=== Begin Enclosure ===

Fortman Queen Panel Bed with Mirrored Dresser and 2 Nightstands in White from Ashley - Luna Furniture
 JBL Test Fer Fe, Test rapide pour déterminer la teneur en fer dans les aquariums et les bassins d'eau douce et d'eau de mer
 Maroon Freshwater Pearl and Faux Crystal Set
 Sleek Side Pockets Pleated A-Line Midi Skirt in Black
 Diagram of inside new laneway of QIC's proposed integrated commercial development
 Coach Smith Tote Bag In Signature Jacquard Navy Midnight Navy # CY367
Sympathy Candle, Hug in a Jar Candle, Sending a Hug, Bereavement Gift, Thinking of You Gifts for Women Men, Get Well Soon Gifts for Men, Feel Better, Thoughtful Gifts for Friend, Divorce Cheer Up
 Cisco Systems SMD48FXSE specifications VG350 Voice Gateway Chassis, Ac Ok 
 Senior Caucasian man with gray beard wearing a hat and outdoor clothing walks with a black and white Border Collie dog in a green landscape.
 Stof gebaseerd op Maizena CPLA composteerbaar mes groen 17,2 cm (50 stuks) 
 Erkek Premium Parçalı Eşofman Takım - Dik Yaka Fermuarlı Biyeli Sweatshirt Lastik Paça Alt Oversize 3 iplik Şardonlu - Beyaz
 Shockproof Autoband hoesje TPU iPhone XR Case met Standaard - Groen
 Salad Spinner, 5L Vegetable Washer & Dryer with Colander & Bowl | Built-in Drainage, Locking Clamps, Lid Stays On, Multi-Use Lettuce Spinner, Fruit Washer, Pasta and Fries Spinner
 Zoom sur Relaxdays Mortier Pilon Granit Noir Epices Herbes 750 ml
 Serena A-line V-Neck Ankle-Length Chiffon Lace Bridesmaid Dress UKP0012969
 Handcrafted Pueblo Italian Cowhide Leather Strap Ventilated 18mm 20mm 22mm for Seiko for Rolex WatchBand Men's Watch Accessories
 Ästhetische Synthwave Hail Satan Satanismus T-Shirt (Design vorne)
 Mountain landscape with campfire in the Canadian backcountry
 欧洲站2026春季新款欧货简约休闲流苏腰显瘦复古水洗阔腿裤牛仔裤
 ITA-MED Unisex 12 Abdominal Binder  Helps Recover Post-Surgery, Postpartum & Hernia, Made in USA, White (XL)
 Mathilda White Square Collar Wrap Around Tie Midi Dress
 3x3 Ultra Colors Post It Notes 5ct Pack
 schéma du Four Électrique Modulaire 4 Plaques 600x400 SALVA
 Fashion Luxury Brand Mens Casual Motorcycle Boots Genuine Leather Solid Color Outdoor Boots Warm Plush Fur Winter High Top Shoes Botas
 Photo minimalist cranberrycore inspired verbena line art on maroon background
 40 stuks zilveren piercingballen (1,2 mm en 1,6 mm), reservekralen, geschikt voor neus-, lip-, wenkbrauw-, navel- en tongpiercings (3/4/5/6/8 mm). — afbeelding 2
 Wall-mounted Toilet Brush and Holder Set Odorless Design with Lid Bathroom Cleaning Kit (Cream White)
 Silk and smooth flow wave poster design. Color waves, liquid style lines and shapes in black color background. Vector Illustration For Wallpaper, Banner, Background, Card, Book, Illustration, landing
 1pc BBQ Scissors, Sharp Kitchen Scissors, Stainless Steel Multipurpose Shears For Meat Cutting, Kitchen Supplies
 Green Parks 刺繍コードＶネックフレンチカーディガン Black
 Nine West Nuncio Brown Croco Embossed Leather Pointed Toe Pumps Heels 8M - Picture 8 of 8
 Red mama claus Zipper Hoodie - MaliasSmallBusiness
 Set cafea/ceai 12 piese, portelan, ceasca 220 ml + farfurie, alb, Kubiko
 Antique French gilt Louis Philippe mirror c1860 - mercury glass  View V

=== End Enclosure ===

> [Goal of the exercise]:
Starting at the line that has "Maroon Freshwater Pearl and Faux Crystal Set" and ending at the line that has "Senior Caucasian man", please write out the lines above exactly, leaving out all others.

> [Exercise response]:
 Maroon Freshwater Pearl and Faux Crystal Set
 Sleek Side Pockets Pleated A-Line Midi Skirt in Black
 Diagram of inside new laneway of QIC's proposed integrated commercial development
 Coach Smith Tote Bag In Signature Jacquard Navy Midnight Navy # CY367
Sympathy Candle, Hug in a Jar Candle, Sending a Hug, Bereavement Gift, Thinking of You Gifts for Women Men, Get Well Soon Gifts for Men, Feel Better, Thoughtful Gifts for Friend, Divorce Cheer Up
 Cisco Systems SMD48FXSE specifications VG350 Voice Gateway Chassis, Ac Ok 
 Senior Caucasian man with gray beard wearing a hat and outdoor clothing walks with a black and white Border Collie dog in a green landscape.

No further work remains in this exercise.